Recorded data:
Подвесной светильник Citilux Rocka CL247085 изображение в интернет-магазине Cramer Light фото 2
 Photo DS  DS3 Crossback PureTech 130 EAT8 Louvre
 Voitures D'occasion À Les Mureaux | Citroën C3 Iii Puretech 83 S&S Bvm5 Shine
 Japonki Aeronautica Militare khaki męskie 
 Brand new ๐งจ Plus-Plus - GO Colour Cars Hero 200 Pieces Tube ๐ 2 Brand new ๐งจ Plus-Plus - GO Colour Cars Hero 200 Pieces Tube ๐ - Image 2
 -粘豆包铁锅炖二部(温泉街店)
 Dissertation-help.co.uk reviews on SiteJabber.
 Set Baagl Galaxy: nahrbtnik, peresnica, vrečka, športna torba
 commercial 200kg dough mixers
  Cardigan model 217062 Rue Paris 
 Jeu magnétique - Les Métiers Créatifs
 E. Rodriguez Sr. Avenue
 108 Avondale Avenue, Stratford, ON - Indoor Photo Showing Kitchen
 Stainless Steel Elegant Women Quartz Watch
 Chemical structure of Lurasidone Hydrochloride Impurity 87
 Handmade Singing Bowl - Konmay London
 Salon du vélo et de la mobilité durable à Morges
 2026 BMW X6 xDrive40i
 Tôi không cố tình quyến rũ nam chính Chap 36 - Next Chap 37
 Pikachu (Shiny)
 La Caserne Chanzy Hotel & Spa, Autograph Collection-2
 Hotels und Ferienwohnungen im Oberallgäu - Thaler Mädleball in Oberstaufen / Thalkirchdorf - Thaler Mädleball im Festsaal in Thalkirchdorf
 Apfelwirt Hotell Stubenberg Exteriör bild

- **Task to complete**
Look above for the line with "Voitures D'occasion À" and the line with "Handmade Singing Bowl - Konmay London", and reproduce exactly those two lines plus every line between, nothing more.

- **Response below**
 Voitures D'occasion À Les Mureaux | Citroën C3 Iii Puretech 83 S&S Bvm5 Shine
 Japonki Aeronautica Militare khaki męskie 
 Brand new ๐งจ Plus-Plus - GO Colour Cars Hero 200 Pieces Tube ๐ 2 Brand new ๐งจ Plus-Plus - GO Colour Cars Hero 200 Pieces Tube ๐ - Image 2
 -粘豆包铁锅炖二部(温泉街店)
 Dissertation-help.co.uk reviews on SiteJabber.
 Set Baagl Galaxy: nahrbtnik, peresnica, vrečka, športna torba
 commercial 200kg dough mixers
  Cardigan model 217062 Rue Paris 
 Jeu magnétique - Les Métiers Créatifs
 E. Rodriguez Sr. Avenue
 108 Avondale Avenue, Stratford, ON - Indoor Photo Showing Kitchen
 Stainless Steel Elegant Women Quartz Watch
 Chemical structure of Lurasidone Hydrochloride Impurity 87
 Handmade Singing Bowl - Konmay London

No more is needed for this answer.